My Experience with the Kansas City Streetcar

By Rob Henken

Few local policy issues generate more emotional debate than the Milwaukee streetcar. And, if a recent Marquette Law School poll is any indication, this issue is likely to remain controversial even after the initial streetcar line opens a year from now.

While there are several aspects to the streetcar debate, one of its core tenets is the contention of opponents that similar transportation benefits could be derived from much smaller investments in bus service. Supporters, on the other hand, contend that streetcars are more attractive to users than buses, provide a better ride, and do a better job attracting economic development.

As luck would have it, I recently had a remarkable opportunity to gain first-hand perspective on these arguments. The opportunity arose when I travelled to Kansas City for a speech on local government service sharing. After my speech, with a few hours to kill before returning home, I set out to ride Kansas City’s new streetcar line in the hope that it would serve as a preview for the line we’re building in Milwaukee.

Kansas City’s 2.2-mile streetcar line opened in 2016. Like our initial 2.5-mile route, it’s envisioned as a “starter” line that eventually will be extended to the north and south and connect most of the greater downtown area’s major activity centers. Also, like ours, it operates in mixed traffic with stops generally spaced two to three blocks apart; and its riders do so for free, which also will be the case in Milwaukee (at least for the first year).

I took a bus from my hotel on the outskirts of Downtown to Union Station — the southern terminus of the streetcar route — where I hoped to ride the full route to gain a flavor for the service it offered. Yet, when I got there, I learned the streetcar was temporarily out of service because of an accident earlier in the day.

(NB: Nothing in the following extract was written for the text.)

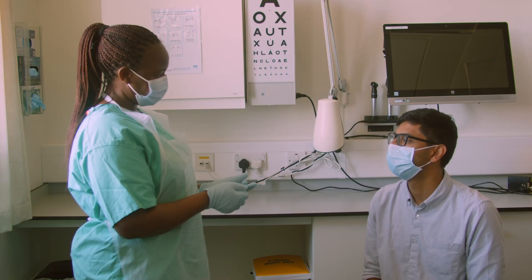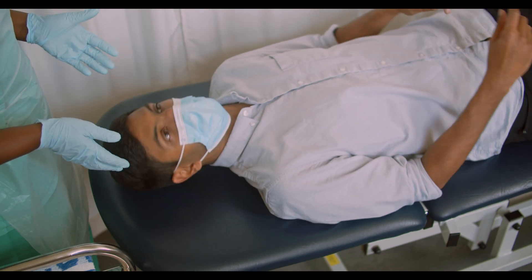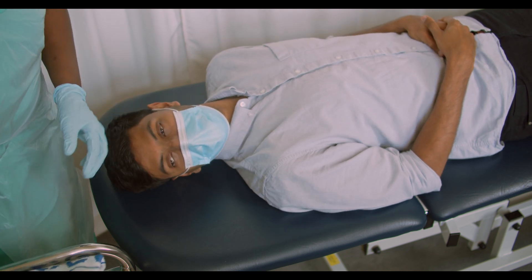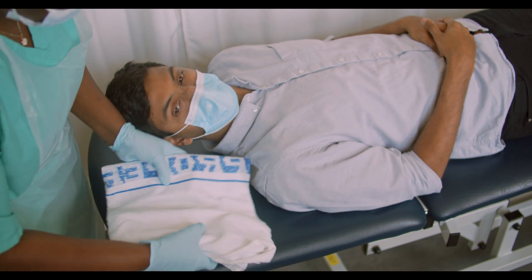Explain what you're going to do and gain consent. Lie the patient down and get them to lean back on a seat. Tilt the head to the side of the affected eye. Place a towel and bowl to soak up fluid.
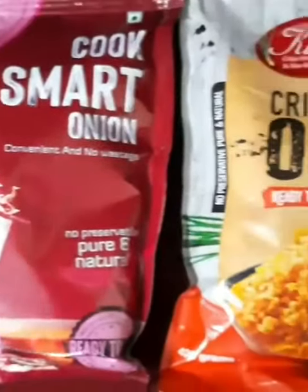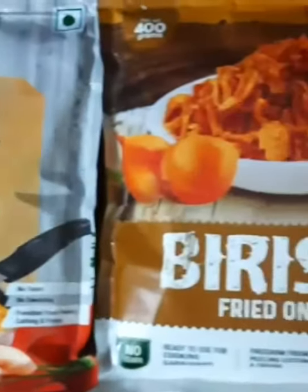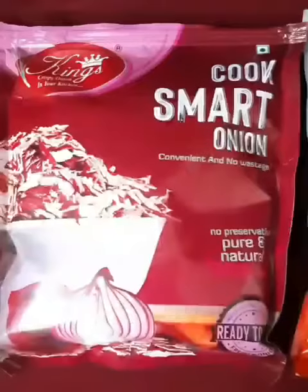But before we move on to the recipe, a small intro about the brand that believes in innovation and convenience. They have a wide range of dehydrated products. I received the range of onions which include dehydrated red onions, crispy fried onions, and barista fried onions.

In its place, the transit system was running express buses along the streetcar route that mimicked the streetcar’s operation by stopping only at its designated stops and providing service at 15-minute intervals. Other amenities offered by the streetcar — including modern shelters with electronic monitors to let riders know when the next bus would arrive, and level boarding (i.e. no steps to enter and exit the vehicle) — were replicated.

I hopped one of these buses and — voilĂ  — I was presented with a unique opportunity to test the “buses are just as good” hypothesis offered by streetcar opponents.

As I rode the streetcar-like bus, I did sympathize with their point. My trip from Union Station to City Market was about as fast as it would have been on the streetcar, which does not enjoy the advantage of a dedicated lane and has only limited traffic signal prioritization. I appreciated that I could hop on at a clearly marked shelter with electronic signage and an easy-to-understand route map, but I recognized that the same types of shelters and user-friendly access could be developed for a special bus route (indeed, that is one of the key principles of bus rapid transit).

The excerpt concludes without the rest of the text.